On Wed, Feb 26, 2014 at 12:50 PM, Erik Hesselink <hesselink@gmail.com> wrote:
On Wed, Feb 26, 2014 at 10:56 AM, Michael Snoyman <michael@snoyman.com> wrote:
> On Wed, Feb 26, 2014 at 10:36 AM, John Lato <jwlato@gmail.com> wrote:
>> Upper bounds lead to a better user experience.
>
> That's what I'm disagreeing with. I do not believe that, overall, the PVP is
> giving users a better experience. I've had a huge downturn in reported
> errors with Yesod since I stopped strictly following the PVP. It's
> anecdotal, but everything in this thread is really anecdotal.

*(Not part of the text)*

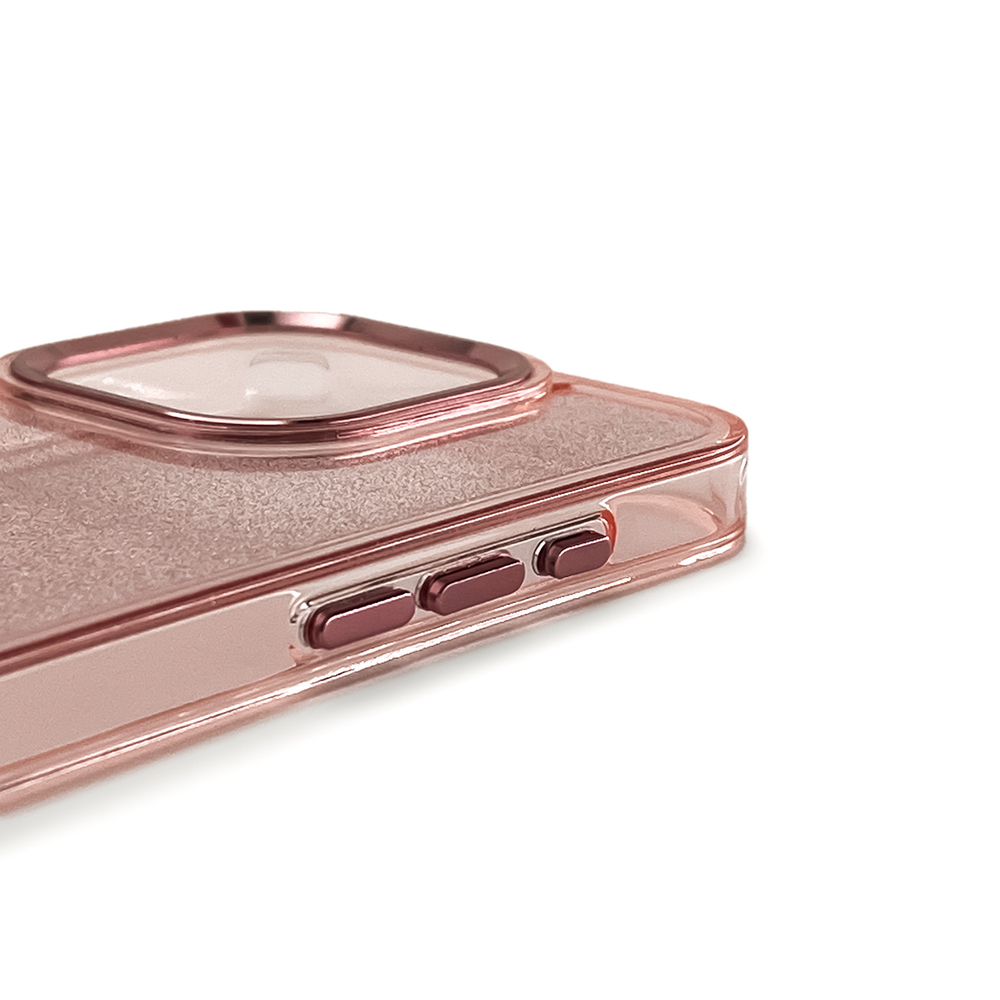 Blizgus dėklas iPhone 16 Pro – rožinis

But you also tell people to use stackage and yesod-platform, which
fixes a lot of packages to a specific version, IIRC. That means that
not having upper bounds is kind of moot.

As a counter-anecdote, almost all build-related problems we've had in
the past year have been (http-)conduit or tls related, due to the lack
of upper bounds.

Erik

That's a fair point, I left out X factors in this analysis. So I'll say something else instead: back when I followed strict PVP compliance, I still got a lot of reports of broken builds, and my maintenance overhead was very high. Since I dropped PVP compliance and implemented alternative solutions, the reports I've received have gone down dramatically, and I spend far less time on maintenance.

So color me unconvinced that the PVP really made a big difference in users' experiences.